I know it has been a while since I have blogged but the past few months have been pretty horrific; my Instagram @mommaupnorth has documented the majority of our journey.

It was only a few months ago that I sat with Arjun in hospital after he had been rushed in from school; vomiting blood, the medical term being ‘coffee granules’. Why? Because when there is a bleed in the stomach, the acid works its’ chemical magic to solidify the blood to resemble percolated coffee granules. In layman terms ‘congealed blood’. This was not the most alarming event, it was the sudden hyperthermia, his temperature had dramatically dropped to 33 degrees, which in essence meant that his brain was shutting down, therefore triggering a shut down in his vital organs.

He was dying.

After 14 years this is the closest we have been to losing him since the first few days after his birth, this was the first time doctors asked us to be ‘prepared’ for the worst. I cannot even begin to explain my emotions. I sat on the bed cuddled up to his frozen body, feeling him slip away in my arms. He was grey. We were alone.

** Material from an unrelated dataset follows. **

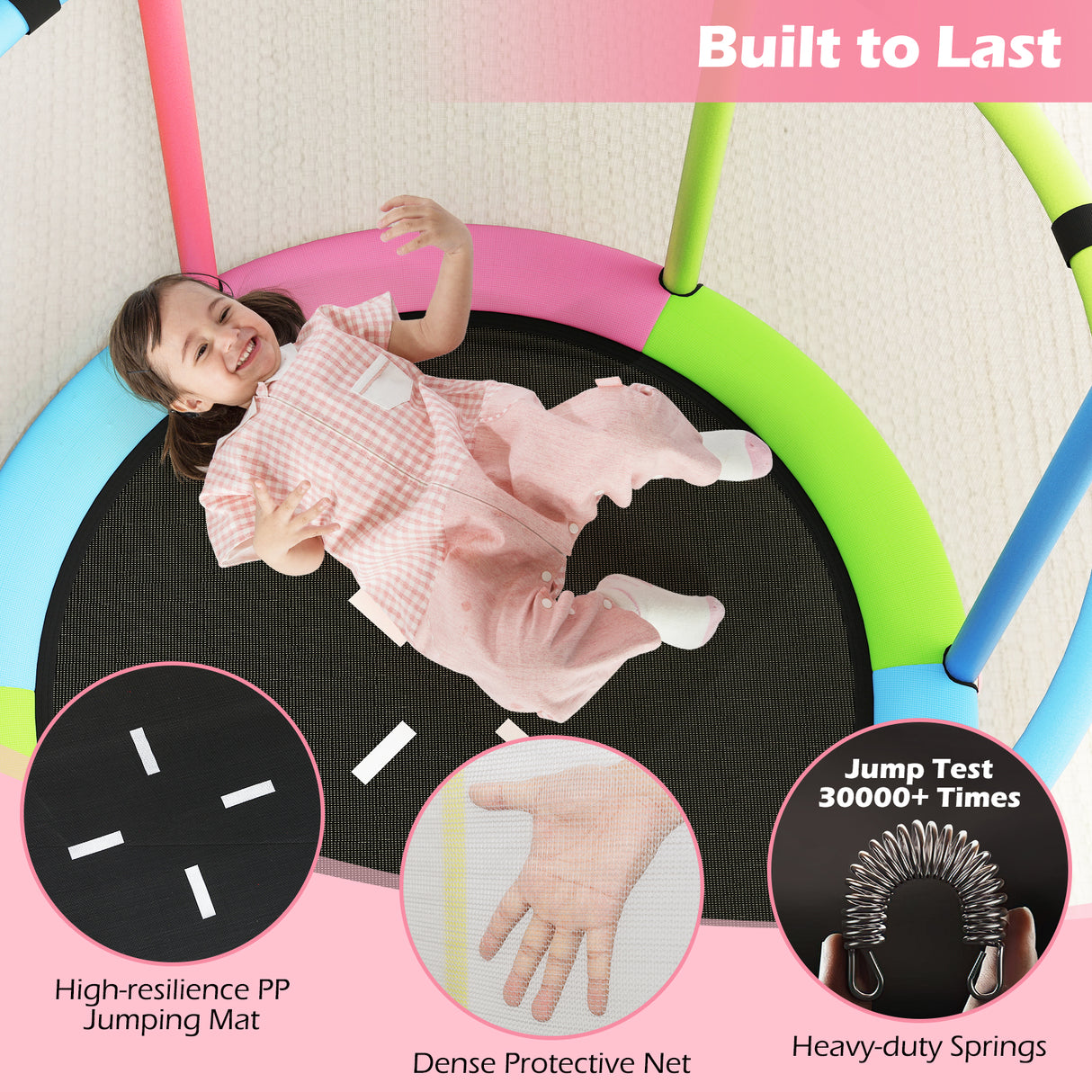 55" Kids Trampoline Gift for for 3-6 Years Old Boys and Girls-Pink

Within hours we were blue lighted to Martin House Children’s Hospice, with the girls following in another car behind us ( Jill our Carer; our saviour).

Sisters saying goodbye to Arjun as he is blue lighted to the hospice

It was pretty remarkable his recovery, the doctors were astounded that his body had fought back, fought back to stay alive. Arjun was not ready to leave us just yet. By the time my husband had arrived at the hospice some 4 hrs later Arjun was recovering, whilst I had been taken to the brink, my emotions were in a place deeper than despair, a place I had only imagined in my head. For the first time, I truly believed he was dying.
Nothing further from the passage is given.